Today has been one of those days that I'd classify as a "busy day." I got to wondering about what people called a "busy day" in ages past. So, using Google Books, I did a quick survey.

In the Diary and Letters of Madame D'Arbley (London: Henry Colburn, 1842, vol. 2, pp. 225-226), she classified January 3, 1783 as a "busy day." She basically describes a day of going to the grand rehearsal of the opera Cimene.

Somehow I suspect that my ancestors would have said that Madame D'Arbley didn't know what it meant to be busy.

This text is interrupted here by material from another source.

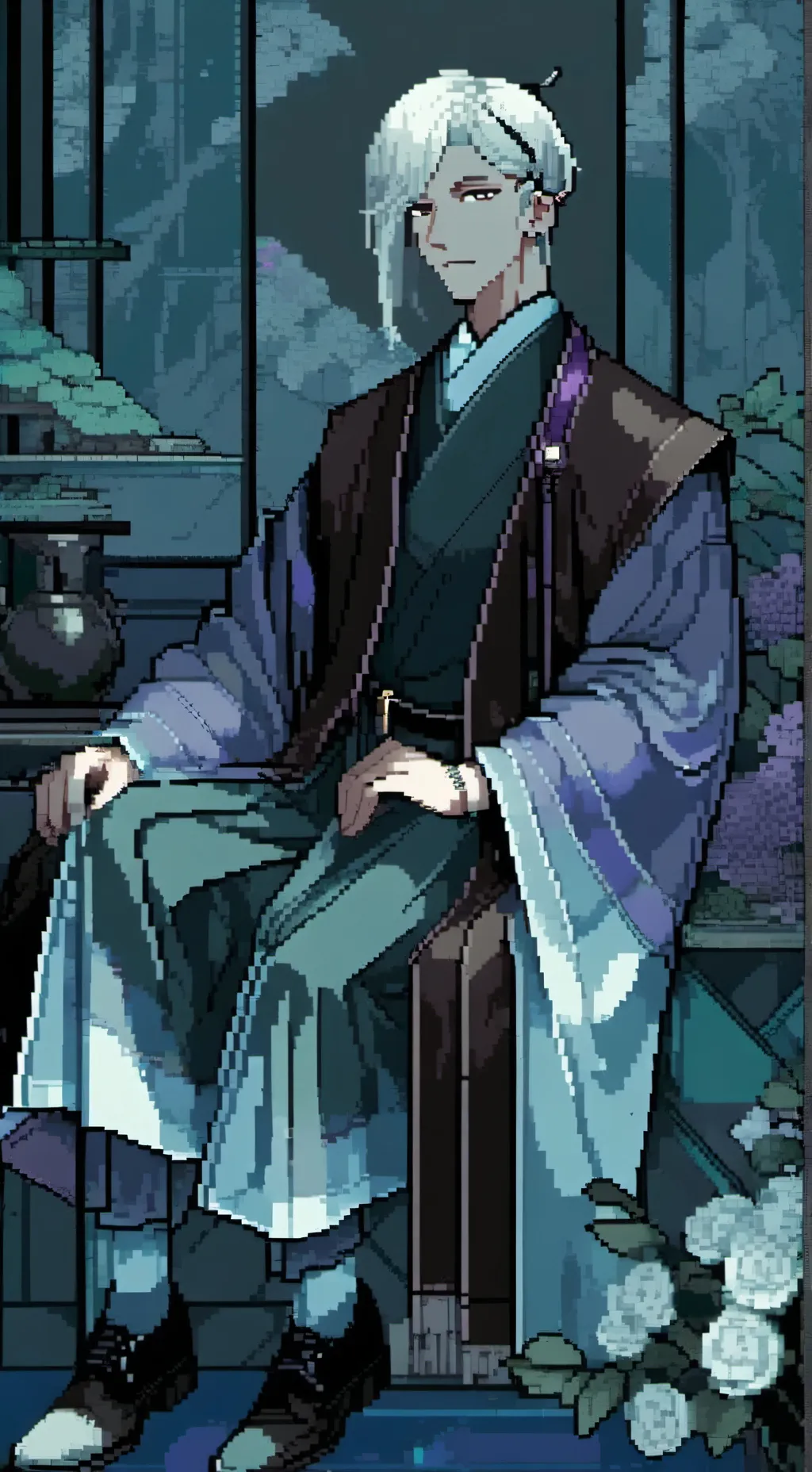 ai character: Tytani młodej krwi background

William M. Thomson, a missionary to Syria, described Sept. 14, 1839 as a "busy day". He spoke of the visit of several sheiks to his station. He mentioned that he had been teaching pretty much all day and evening and that several of the sheiks wished to be baptized before returning to the mountains. Two days later, he stated that Sept. 16, 1839 which was the Sabbath was also a "busy day." He said, "After preaching, both in English and Aramaic, and conversing all the vacant time with the Druzes from Hadet, and other places, and expounding Scripture in Aramaic at evening worship, I feel wearied." Later in the paragraph he states that "the work has grown too large for me to attend to." (Report of the American Board of Commissioners for Foreign Missions, Presented at the Thirtieth Annual Meeting , Held in the City of Troy, New-York, Sept. 11-12-13, 1839 (Boston: Crocker & Brewster, 1839), p. 88)

In describing life in the Civil War for the Second Brigade of the Ninth Ohio Cavalry, the record describes General Rousseau as having reached Decatur (Tennessee) on July 9, 1864. Then it says, "Sunday, the tenth, was a busy day in camp; anything but a Sabbath-like stillness prevailed." The rest of the day's entry describes packing up camp, leaving behind things that would create too much baggage, assigning rations to the soldiers, and then marching some 15 miles to Somerville, which was a county seat about 15 miles from Decatur. They arrived there around 9 p.m. (Moore, Frank, ed. The Rebellion Record: A Diary of American Events, with Documents, Narratives, Illustrative Incidents, Poetry, Etc. (New York: D. Van Nostrand, 1868), vol. 11, pp. 160-161)

Most of the other references in the first 50 hits were in literary works.

1 comment:

Lidian said...

That was really interesting. I'd say Thomson and Rousseau had very VERY busy days indeed!